Selon son entourage, Dahmoun avait quitté l’Algérie en 1994 pour échapper au service militaire et vivait depuis en situation irrégulière en France. Son oncle précisait qu’il commettait des vols au domicile de personnes âgées et des escroqueries. Un autre témoin ajoutait l’avoir vu dans une boîte fréquentée par des homosexuels qu’il séduisait pour leur soutirer de l’argent. Une amie polonaise avec qui il vivait a rapporté l’avoir vu revenir un soir avec un tee-shirt taché de sang et déchiré, des griffures et blessures au poing droit. Averti que la police le recherchait, Dahmoun avait quitté Paris pour rejoindre Marseille chez un ami auquel il aurait confié vouloir regagner l’Algérie.

Des empreintes papillaires de Dahmoun ont pu être recueillies par Interpol. Elles se sont révélées identiques à celles retrouvées dans l’appartement de la victime. Le procès est prévu jusqu’au 7 mai.

«C’était un homme charmant»

Dans le petit immeuble niché dans la rue de Montessuy qui file vers la Tour Eiffel, le souvenir de Daniel Augeron et de sa sinistre fin est encore vivace parmi les habitants de l’époque. «Ca nous a fait un choc, dans la maison, confie Mireille.

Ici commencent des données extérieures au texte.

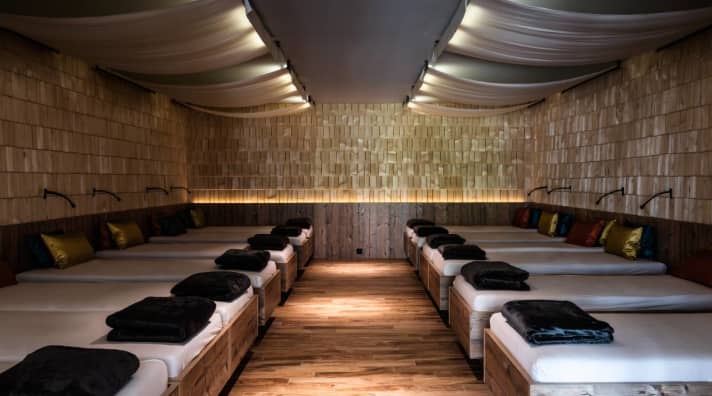 Die Wellness-Oase mit Ruheraum im 4-Sterne-Hotel Ameron hilft beim Verarbeiten der täglichen Trailaction. Währenddessen wird auf der Terrasse fürs Abendessen eingedeckt.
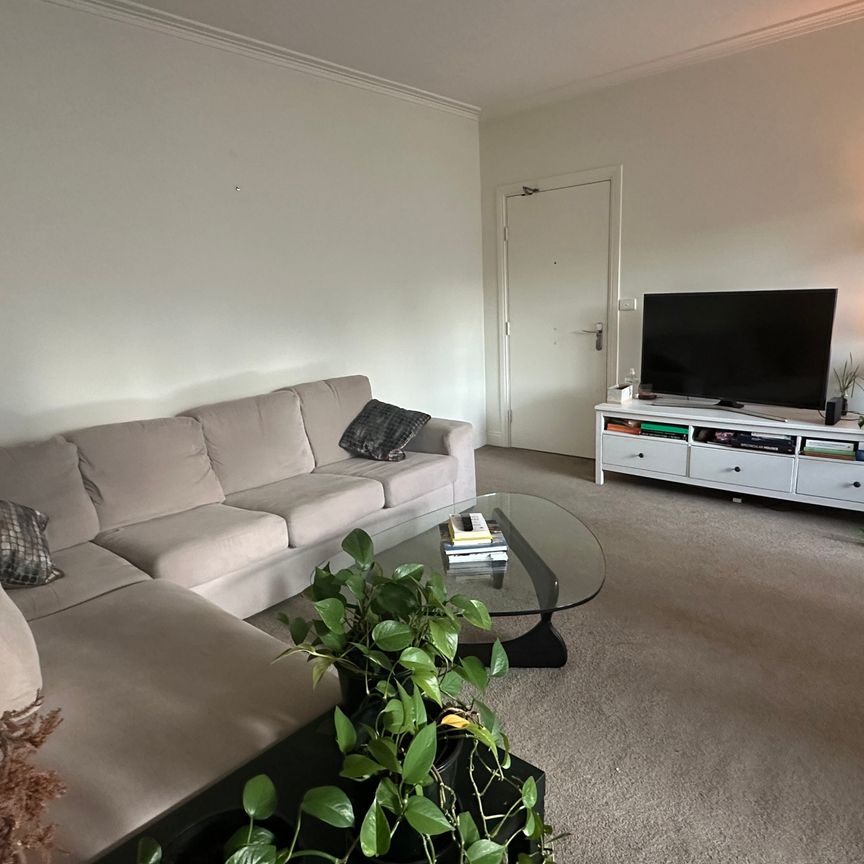 East Melbourne - Photo 1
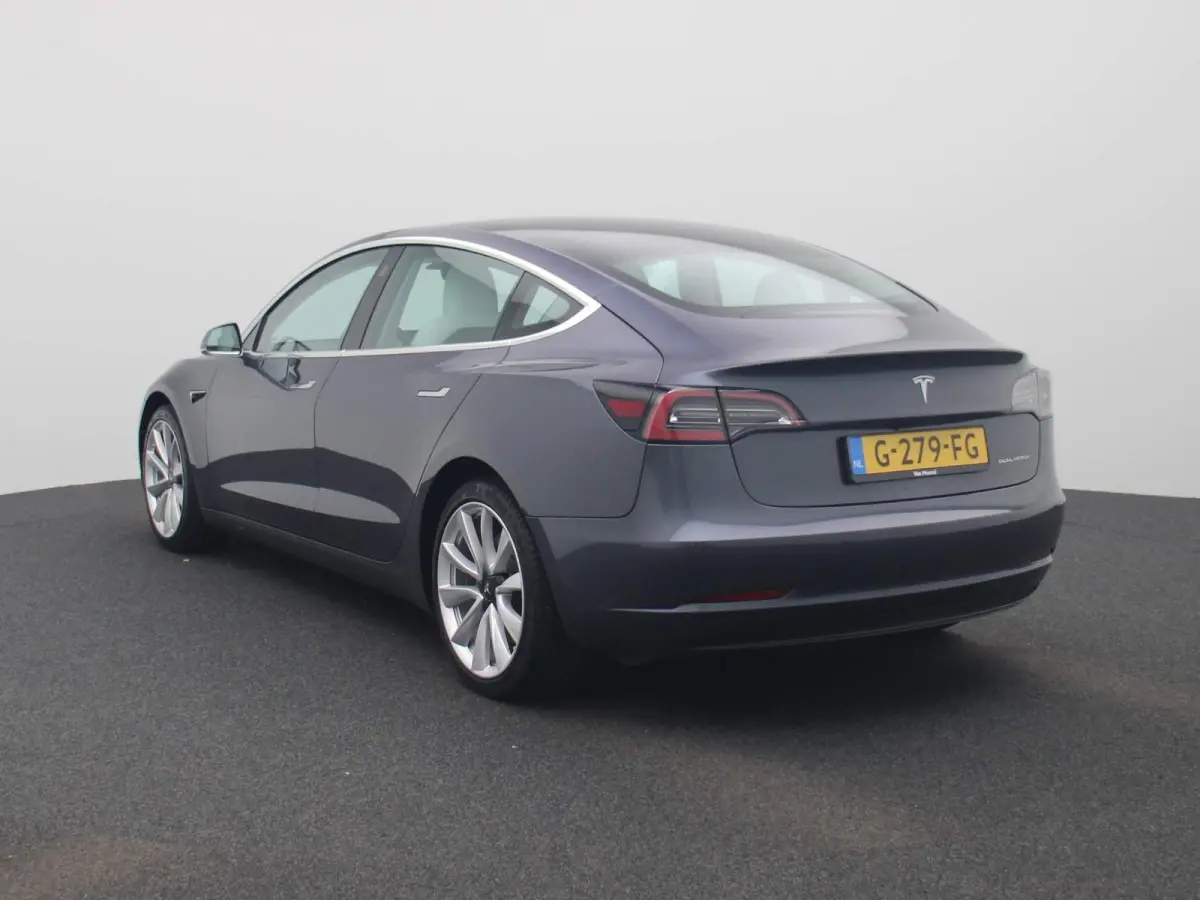 Long Range AWD 75 kWh | ECC | Navi | Leder | LMV | Panorama | PDC | LED | Cam |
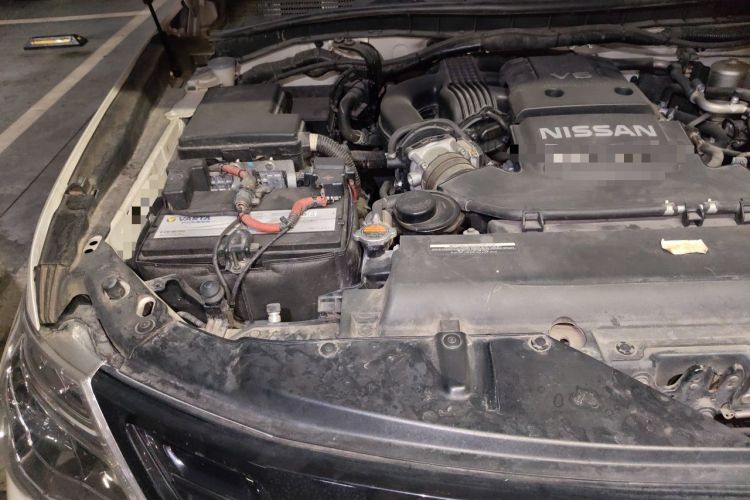 Used Nissan Patrol 2018 4.0L SE Middle East Version Engine Bay Right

C’était un homme charmant, soigné de sa personne…» Françoise, qui a connu Daniel Augeron de son arrivée dans l’immeuble, en 1981, jusqu’à son meurtre en 1995, fait partie des premiers témoins, un dimanche matin, de sa disparition : «Sa maman n’avait pas de nouvelles de lui, n’arrivait pas à le joindre au téléphone. Elle a appelé la gardienne, qui avait les clés. Quand nous sommes entrées, tout était sombre. Dans le salon, il y avait un corps, emballé dans une couverture, posé sur le canapé. Nous avons appelé, sans succès, alors nous avons alerté les secours».
Dans l’immeuble, l’homosexualité du professeur était connue, perceptible selon Danielle «à un certain raffinement. Ce n’était pas une folle, il n’avait rien d’efféminé, mais je l’ai compris… Il aimait Wagner, moi Mozart, enseignait l’anglais, moi l’allemand, nous nous sommes très bien entendus, mais jamais nous n’en avons parlé». La nouvelle du meurtre a pour tous été un choc. «On a compris ce jour qu’une partie de sa vie était cachée. Il s’est dit qu’il avait fait une mauvaise rencontre par messagerie minitel», se souvient Françoise. «Dans les jardins du Trocadéro», croit savoir une autre habitante. «Je ne pensais pas qu’il aurait l’imprudence de laisser monter des inconnus», soupire Danielle, voisine du dessus, qui prenait de temps en temps un apéritif avec le professeur célibataire.
Vivace est également le souvenir de la réaction de la mère de Daniel. Après la mort de son fils, cette femme veuve d’un ingénieur aurait ainsi, raconte Françoise, quitté la maison familiale de Barbizon (Seine-et-Marne) pour «finir ses jours dans l’appartement où il a été assassiné. ça a sidéré tout le monde. Elle y a vécu jusqu’à il y a trois ans, quand elle est partie en maison de retraite». Fermant comme un mausolée l’appartement où son fils, un jour de 1995, a succombé.